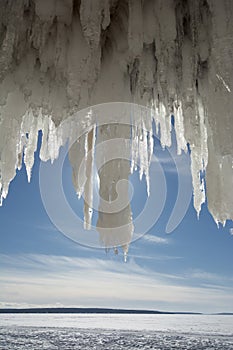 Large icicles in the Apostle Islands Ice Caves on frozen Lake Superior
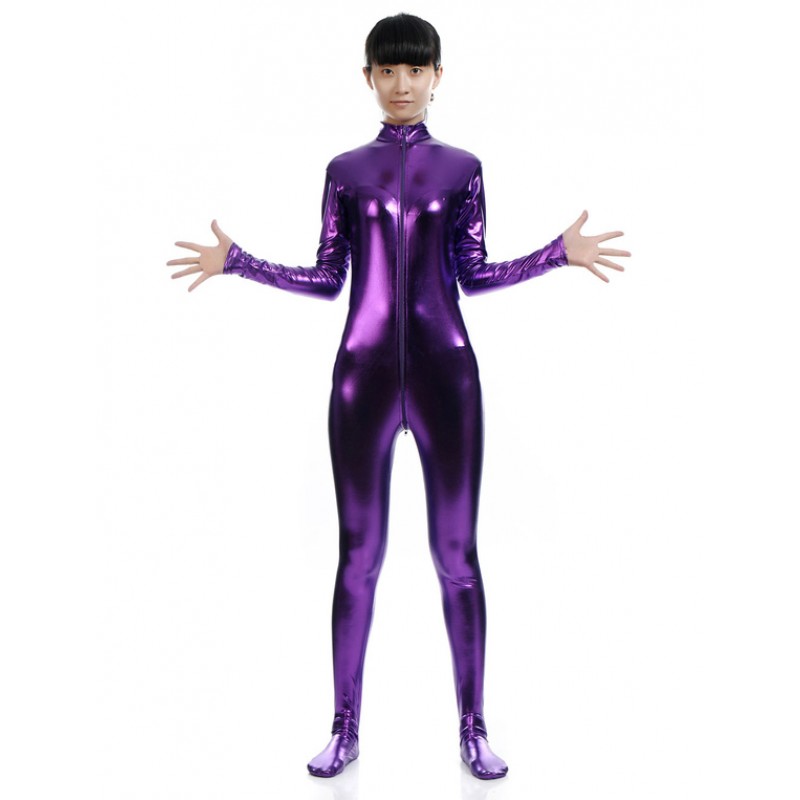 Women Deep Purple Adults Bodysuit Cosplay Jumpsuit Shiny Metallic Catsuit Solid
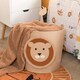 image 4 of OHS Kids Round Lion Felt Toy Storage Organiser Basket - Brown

* * * * * * *

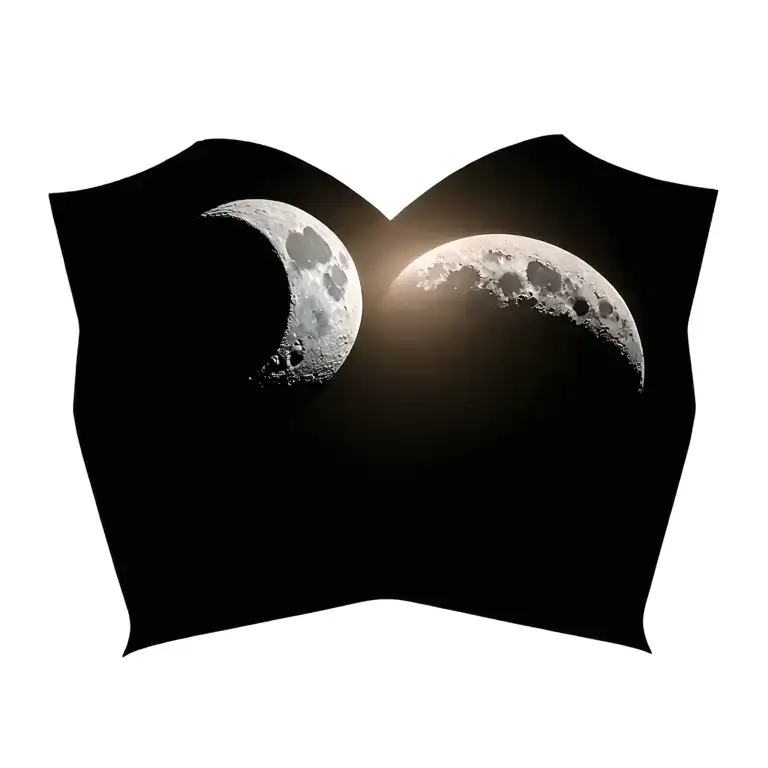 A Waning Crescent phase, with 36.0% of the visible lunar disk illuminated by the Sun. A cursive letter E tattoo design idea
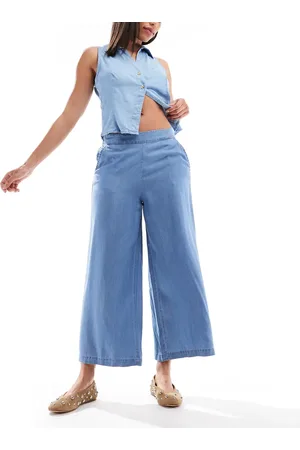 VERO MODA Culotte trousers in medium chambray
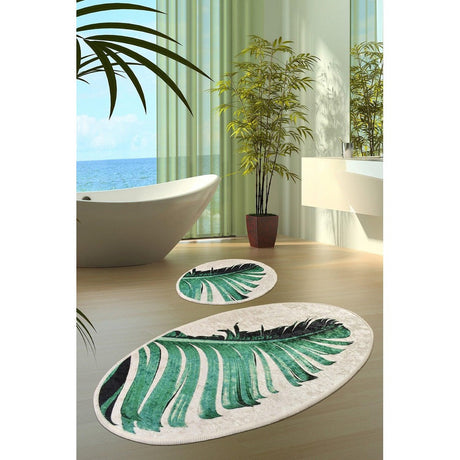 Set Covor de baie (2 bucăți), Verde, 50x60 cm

* * * * * * *

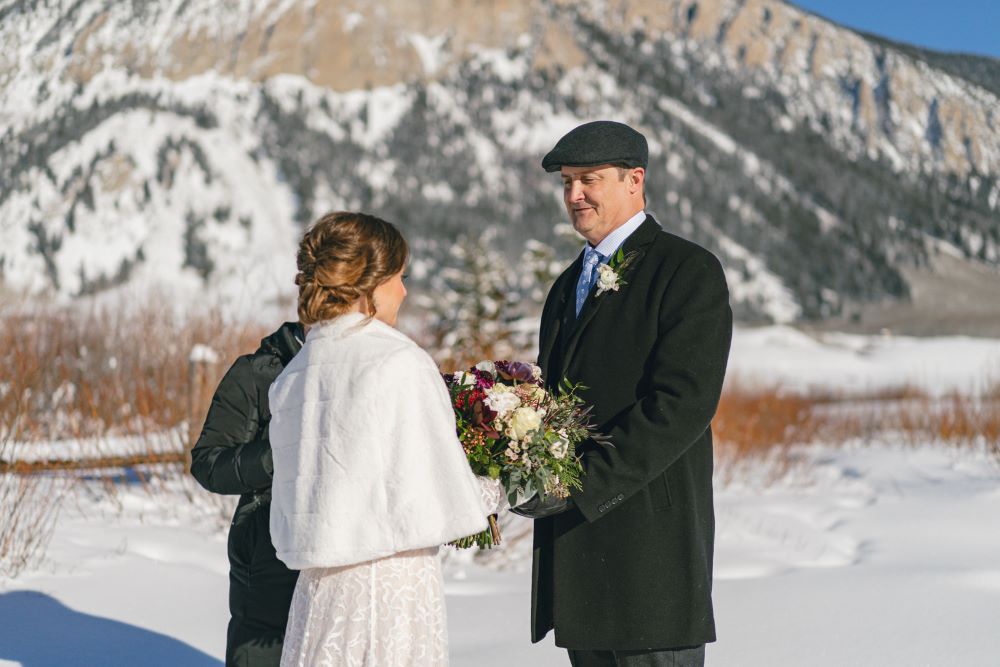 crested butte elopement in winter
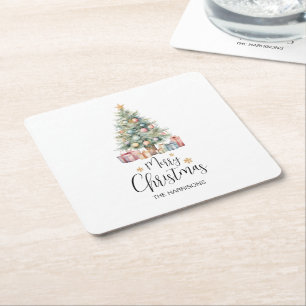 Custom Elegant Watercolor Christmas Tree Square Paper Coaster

* * * * * * *

## TASK REQUIREMENTS
Above are some records; extract exactly the lines from the one containing "Women Deep Purple" through the one containing "image 4 of OHS" and drop the pictures.

## ANSWER
 Women Deep Purple Adults Bodysuit Cosplay Jumpsuit Shiny Metallic Catsuit Solid
 image 4 of OHS Kids Round Lion Felt Toy Storage Organiser Basket - Brown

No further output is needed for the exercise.